QCArchive in 15 minutes#
This tutorial will give you an overview of possible actions in QCArchive. Using QCArchive, you can:
Submit a single or set of computations to a server, following a variety of workflows.
Retrieve the results of previous computations.
Query the database for particular computations.
Create datasets holding related quantum chemistry computations.
Retrieve results from datasets.
This notebook will briefly walk you through each capability. For more details, we recommend you follow our other starter tutorials.
Connecting to a server#
To work with QCArchive, you will need to connect to a QCArchive server.
For the QuickStart tutorials, we will connect to the QCArchive Demo Server.
To interact with a server, you will create a QCPortal client using PortalClient
.
The argument to PortalClient
is the server address.
To work with the QCArchive demo server, enter https://qcademo.molssi.org
.
import qcportal as ptl
client = ptl.PortalClient("https://qcademo.molssi.org")
print(client)
WARNING: This client version is newer than the server version.
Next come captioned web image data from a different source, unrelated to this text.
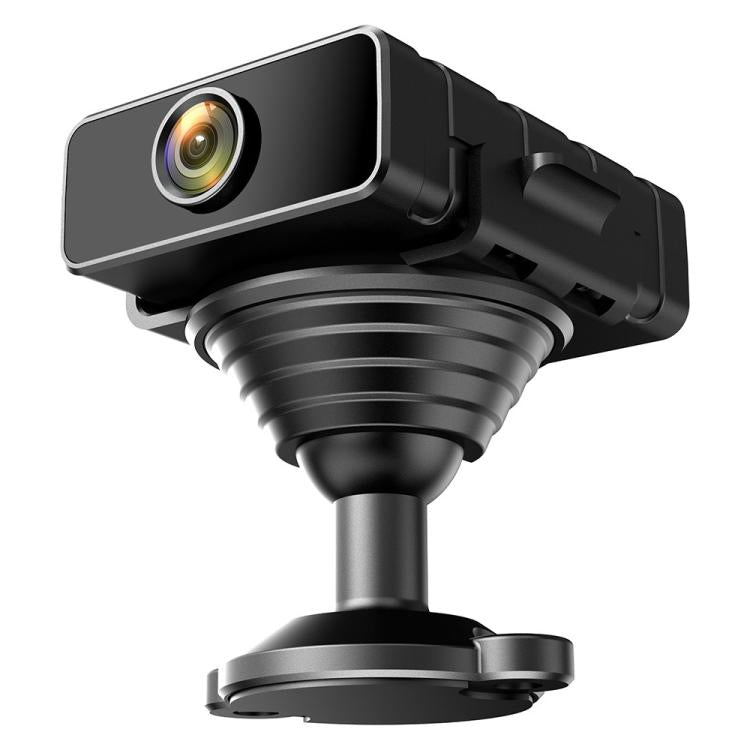 Black mini WiFi night vision camera with wide-angle lens on adjustable base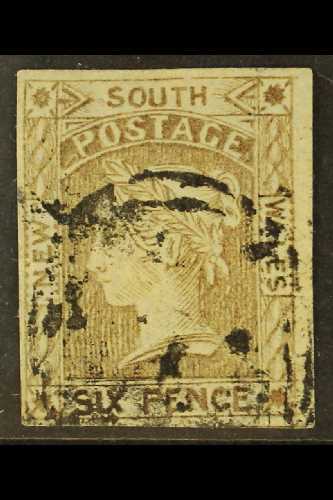 NEW SOUTH WALES  1852-53 6d Grey-brown, Re-engraved SG 78, Four Good To Large Margins, Barred Oval Cancel, Signed Brun. - Other & Unclassified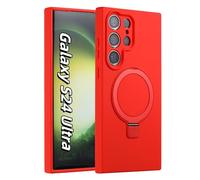 MEIQIBAO pour Samsung Galaxy S24 Ultra Slim Liquide Silicone Coque,Militaire Résistant Chocs et aux Rayures,avec magnétique(N52 Magnet) Métal Anneau Support Case,caméra Protection Case,Rouge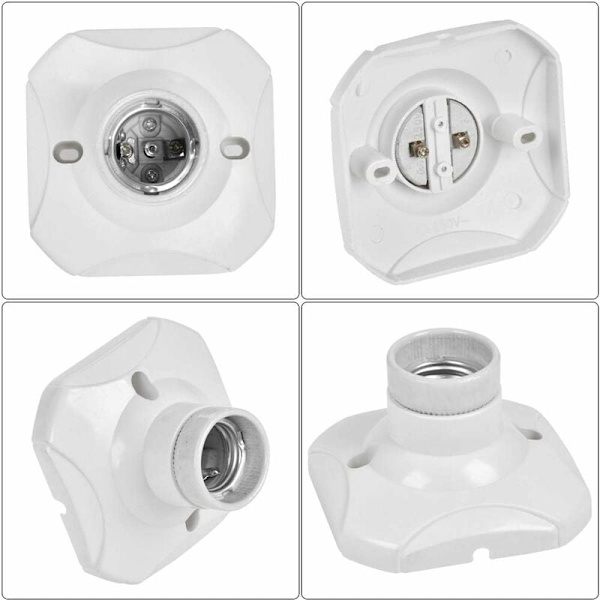 PCS E27 LED-lampun liitäntä E27-lampunpidike E27-liitäntä seinäkiinnitys E27-kanta pidikkeellä käytäville, portaille, makuuhuoneille, keittiöille (AC 220-250V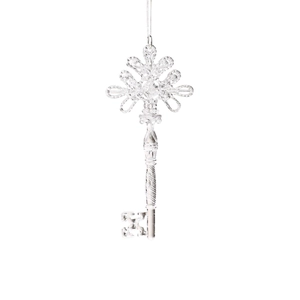 Clé décorative de Noël transparente en acrylique avec détails gravés pour sapin de fête
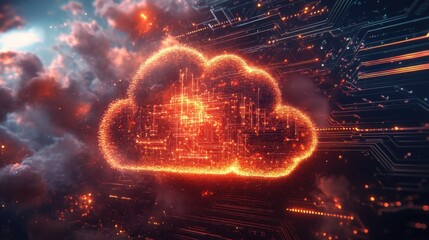 Glowing cloud icon merging with a circuit board, representing modern cloud computing technology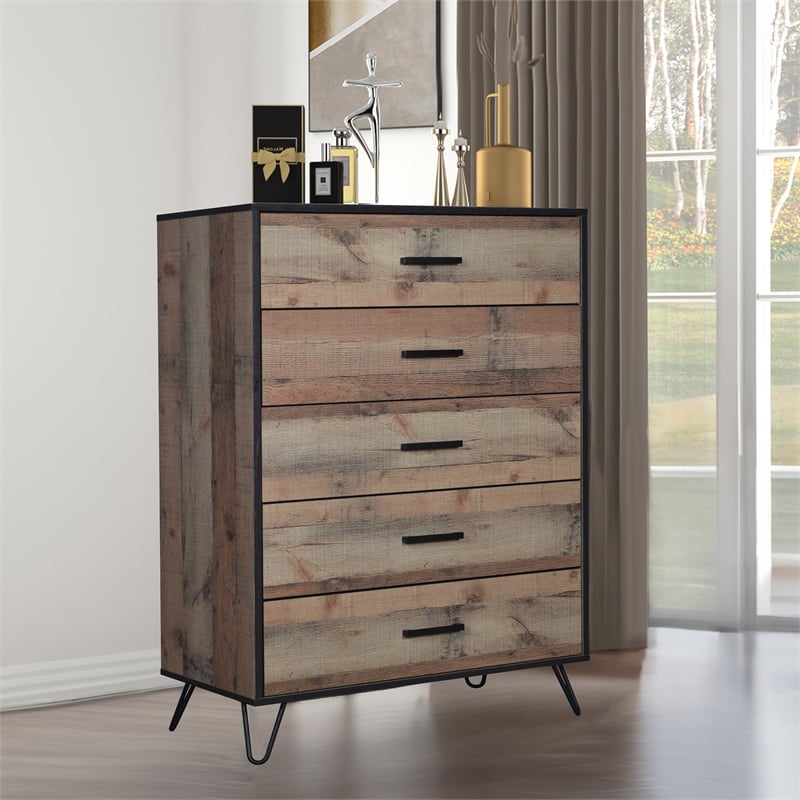 Pemberly Row Solid Wood 5-Drawer Chest Rustic Brown 104.63 lbs
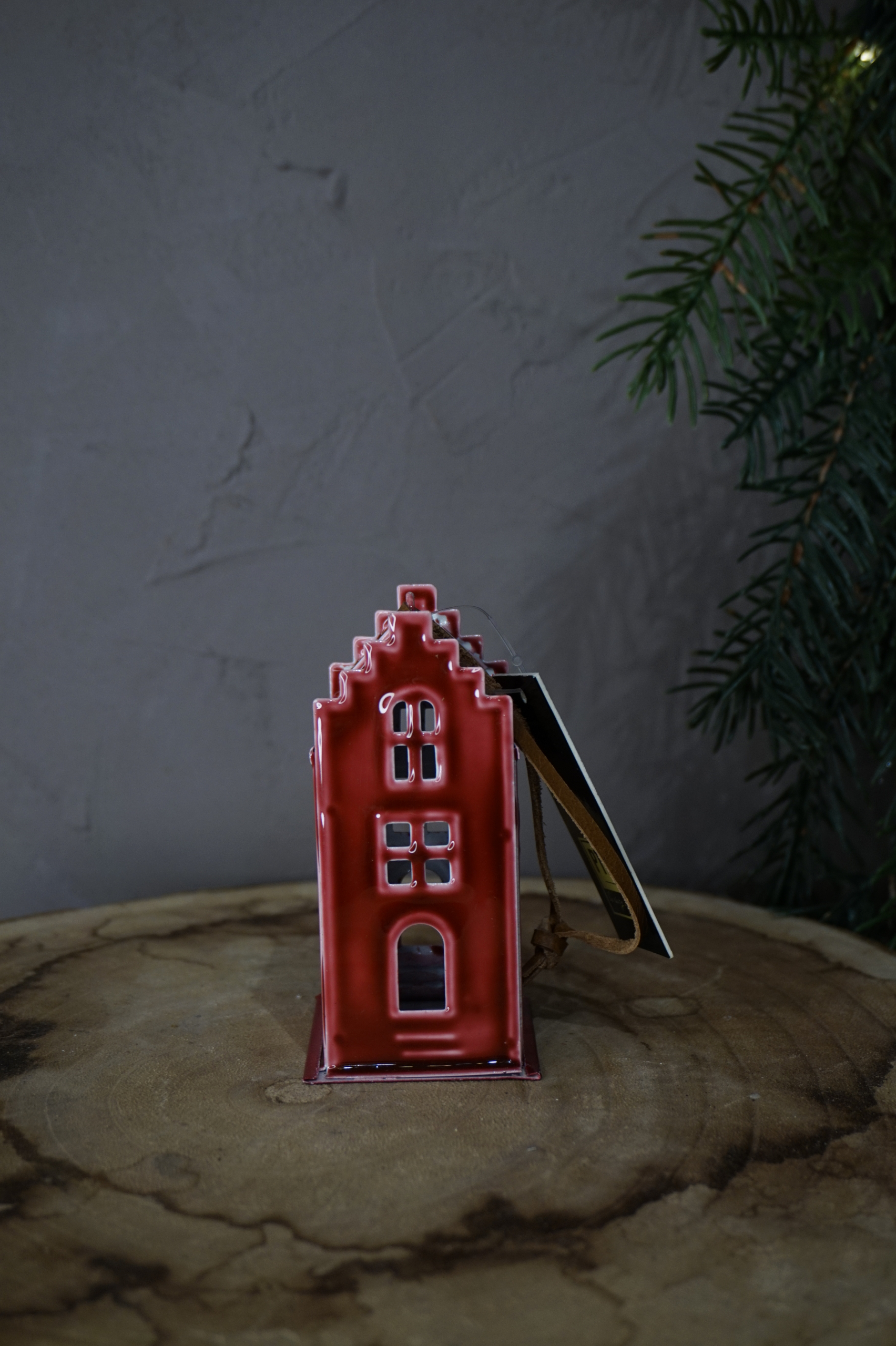 Ádornos navidad - Casa metal granate pequeña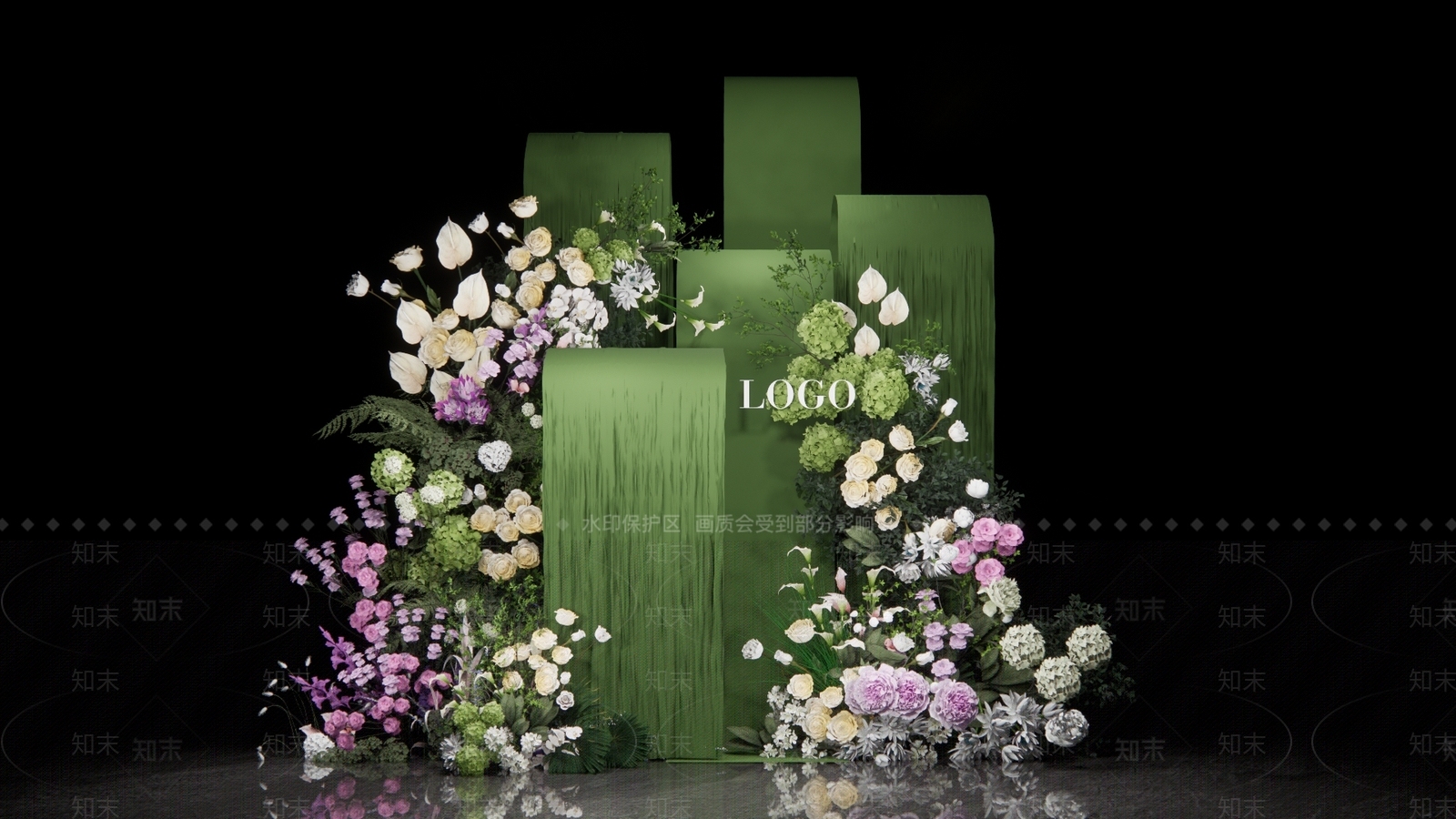 现代绿色布幔婚礼花艺拱门SU模型下载【ID:1144008412】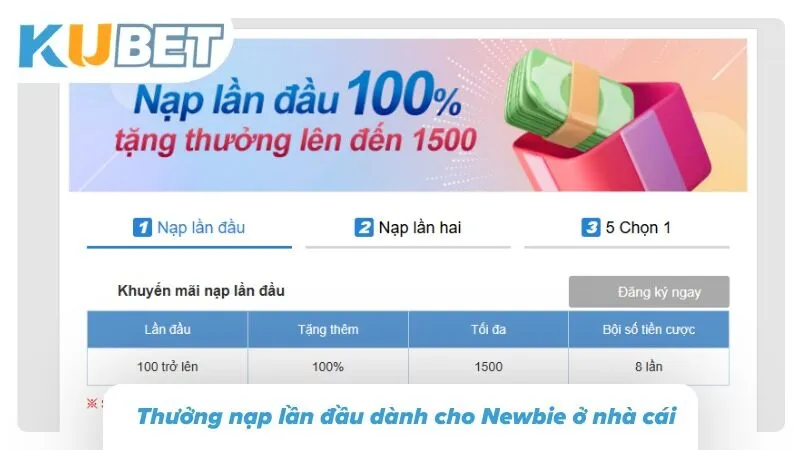 Khuyến Mãi Kubet - Tổng Hợp Ưu Đãi Và Thưởng Nạp Mới Nhất 2 Quà tặng nạp đầu với phần thưởng 888.888VND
This may work if the versions are close, but expect exceptions and errors if attempting things the server does not support. client version: 0.57.post14+g011be51d, server version: 0.57
PortalClient(server_name='MolSSI QCFractal Demo Server', address='https://qcademo.molssi.org/', username='None')
We now have a QCPortal client that we can use to read from and query the QCArchive demo server.
Retrieving Data and Querying the Database#
How do I retrieve computation results by ID?#
We can retrieve computations by ID using the client.get_records
function.
Each computation in the database is given an integer ID number.
The cell below shows retrieval of the calculation result with ID 1.
We see that this computation was a single point computation.
first_record = client.get_records(1)
print(first_record)
<SinglepointRecord id=1 status=RecordStatusEnum.complete>
Typically, properties from a calculation can be viewed using the .properties
attribute for a result.
The calculated properties are in a dictionary.
In the cell below, we print the SCF total energy from our calcuation.
print(first_record.properties["scf_total_energy"])
-1.1117197122934774
We can print information about the computation like the molecule name and properties.
print(f"Molecule: {first_record.molecule.name}, Energy: {first_record.properties['scf_total_energy']}")
Molecule: H2, Energy: -1.1117197122934774
If you pass in several IDs, you will receive a list of results that can be iterated through.
multiple_records = client.get_records([1, 2, 3])
for record in multiple_records:
print(f"Molecule: {record.molecule.name}, Energy: {record.properties['scf_total_energy']}")
Molecule: H2, Energy: -1.1117197122934774
Molecule: HO, Energy: -74.36430040801095
Molecule: H2O, Energy: -74.82586558254185
How do I search for particular types of computations?#
You can search the database for particular computations using query_records
.
For example, to see all results from a particular time period, we can use
query_records
with arguments created_before
and created_after
.
There are many fields you can query the database on and this can differ by the type of computation you’d like to retrieve. The query method returns a Python iterator.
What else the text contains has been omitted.